As already stated, if the defendant’s product does not embody all the essential integers of a claim, then it does not infringe that claim. Therefore, one of the arguments that can be raised is precisely what the essential integers are. This is not something to be dictated by the plaintiff, but is determined according to the complete specification — interpreted from the wording the plaintiff chose to use in the claims of the specification. If the plaintiff and defendant can agree on the essential integers, this will not be an issue — as is often the case. If the essential integers of the defendant’s product are disputed, the Commissioner of Patents will decide and the case will be tried on that basis.

It is also open to contest whether the defendant’s product embodies all the essential integers. This is often the battleground in infringement cases.

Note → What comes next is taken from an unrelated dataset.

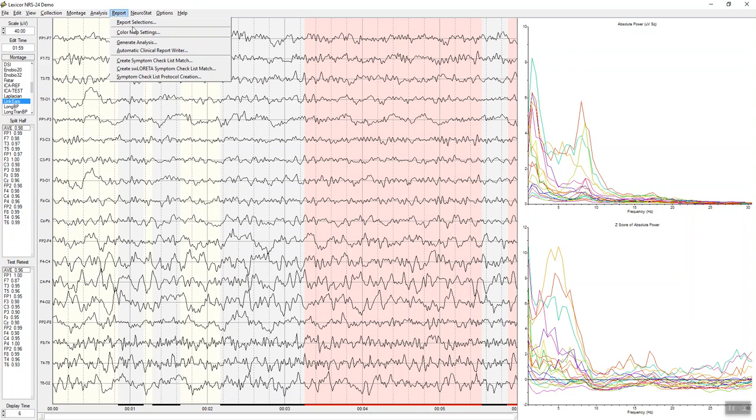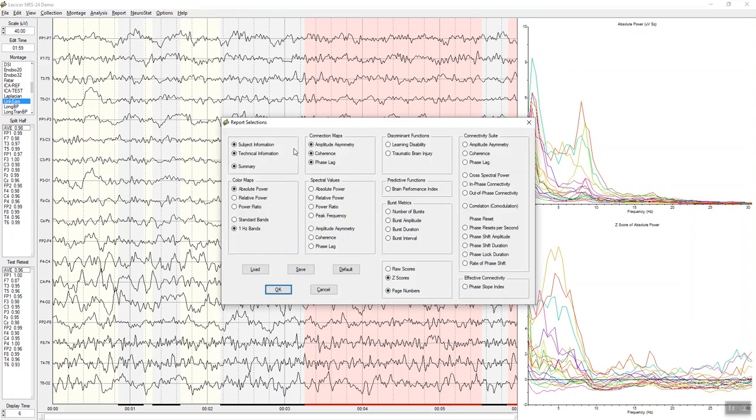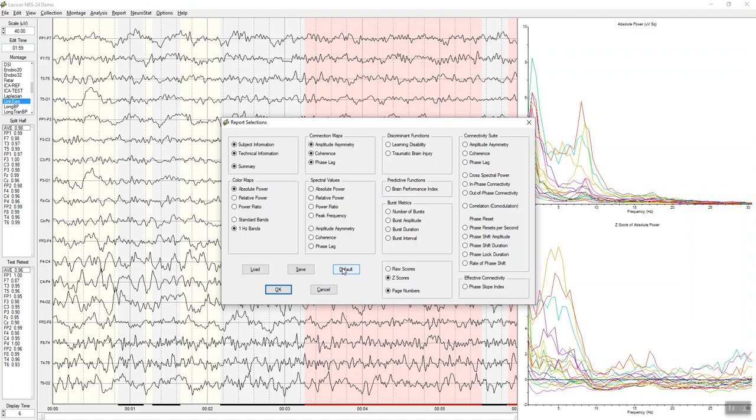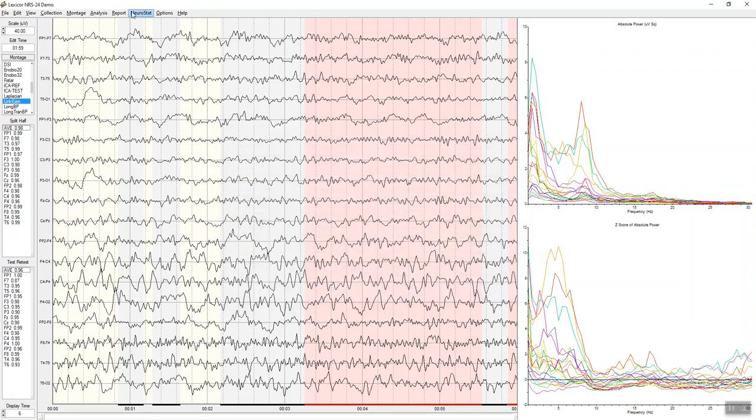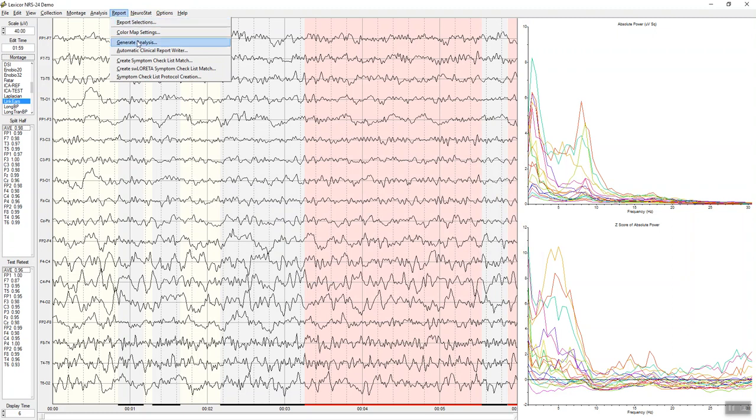We can then make reports, clinic reports. You can open up the report panel here and select whatever you want. In this case, it's one-hertz standard bands in absolute power with coherence phase. There's also a connectivity suite to look at things like phase shift duration, phase lock duration, shift amplitude, and discriminative functions of various types, as well as burst metrics, brain performance index. You can click default and save whatever you select here. Or you can save special selections, click OK, and then you're good to go. The report also here allows you to create analyses with maps you save in the subject's folder.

Moreover, as with designs, it is possible to raise as a defence any of the grounds which could be relied upon in an application to have the patent cancelled (revoked). In other words, although applying for revocation is an option, it is not necessary to do so to defend the infringement claim. Thus, if the Commissioner of Patents determines that the patent is invalid, it is a successful defence to an infringement claim even though the patent is not revoked. We will examine revocation proceedings shortly.

Read section 65(4) of the Patents Act.

When you conduct clinical or field trials, it is not an infringement of a patent if you make, sell or otherwise utilise the patented invention for non-commercial purposes and solely to obtain or develop information required under a law regulating the manufacture, sale or otherwise of any product.

Read section 69A of the Patents Act.